Exercise prompt: In the listing below, find the line with "Women's No.51 Freddy" and the line with "Detroit crews work", then return them and every line between them exactly, minus the pictures.

Working data:
* * * * * * *

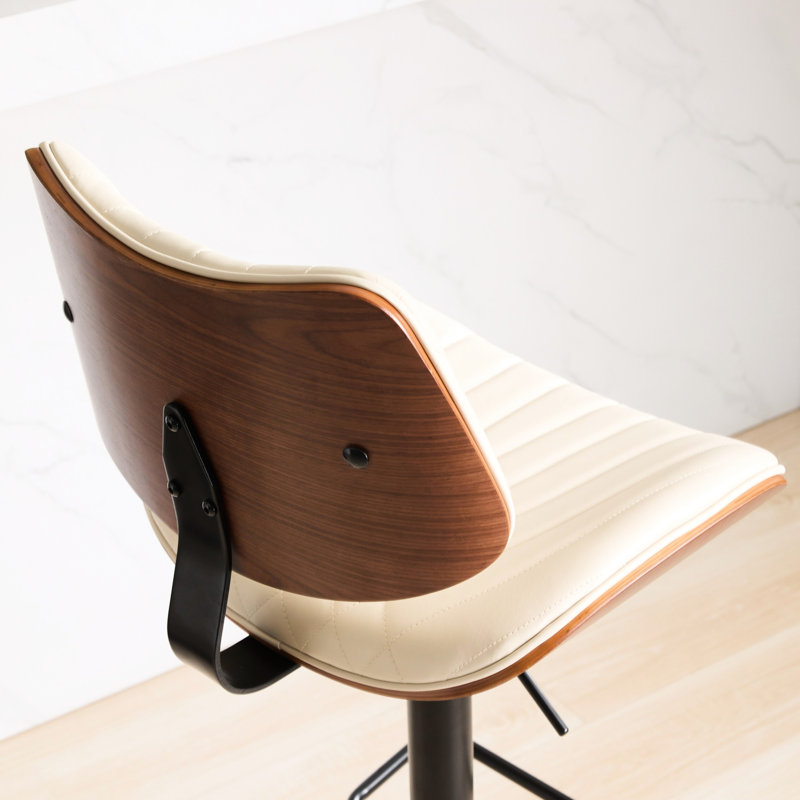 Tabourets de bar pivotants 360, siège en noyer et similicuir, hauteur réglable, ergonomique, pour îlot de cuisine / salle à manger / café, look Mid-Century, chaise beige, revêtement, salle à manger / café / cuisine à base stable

* * * * * * *

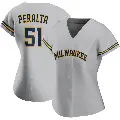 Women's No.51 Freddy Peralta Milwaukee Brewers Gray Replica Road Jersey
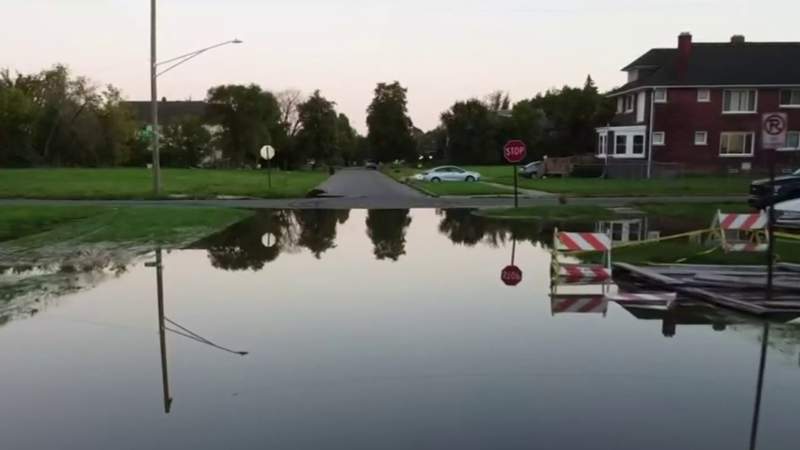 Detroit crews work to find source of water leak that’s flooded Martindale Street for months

* * * * * * *

Solution for this task:
 Women's No.51 Freddy Peralta Milwaukee Brewers Gray Replica Road Jersey
 Detroit crews work to find source of water leak that’s flooded Martindale Street for months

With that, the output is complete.